RECORD SET =
-- Opening Marker --
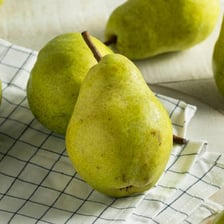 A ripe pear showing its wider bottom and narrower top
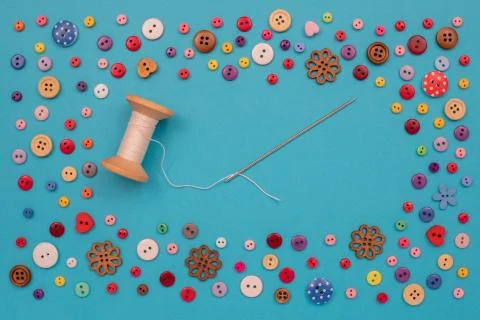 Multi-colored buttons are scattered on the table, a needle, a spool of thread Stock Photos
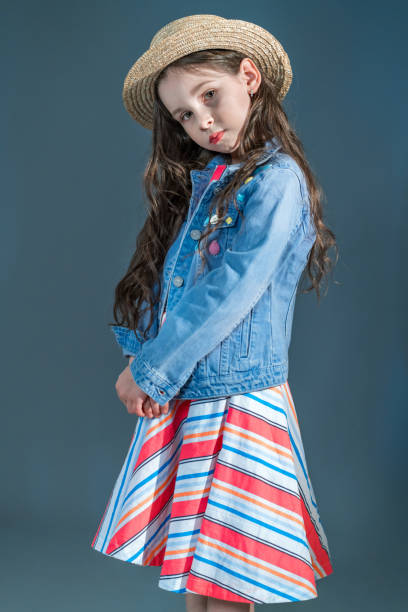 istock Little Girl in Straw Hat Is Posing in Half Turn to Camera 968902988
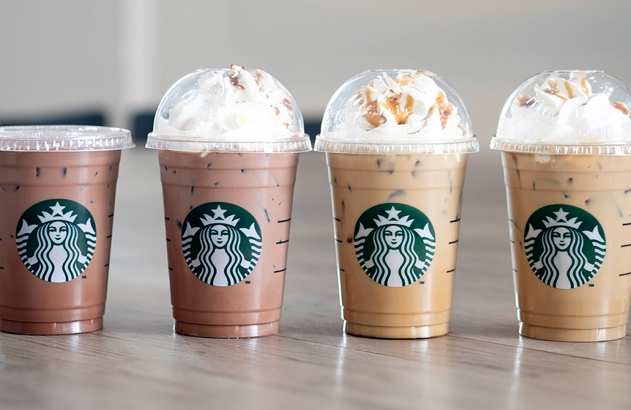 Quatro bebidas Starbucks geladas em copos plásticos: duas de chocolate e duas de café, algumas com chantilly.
-- Closing Marker --
-- Opening Marker --
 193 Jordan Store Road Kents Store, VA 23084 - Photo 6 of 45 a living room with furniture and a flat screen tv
-- Closing Marker --
PROBLEM DETAILS = In the data above, find the line containing "A ripe pear" and the line containing "Quatro bebidas Starbucks". Repeat those two lines and everything between them exactly, minus the pictures.

TASK RESPONSE =
 A ripe pear showing its wider bottom and narrower top
 Multi-colored buttons are scattered on the table, a needle, a spool of thread Stock Photos
 istock Little Girl in Straw Hat Is Posing in Half Turn to Camera 968902988
 Quatro bebidas Starbucks geladas em copos plásticos: duas de chocolate e duas de café, algumas com chantilly.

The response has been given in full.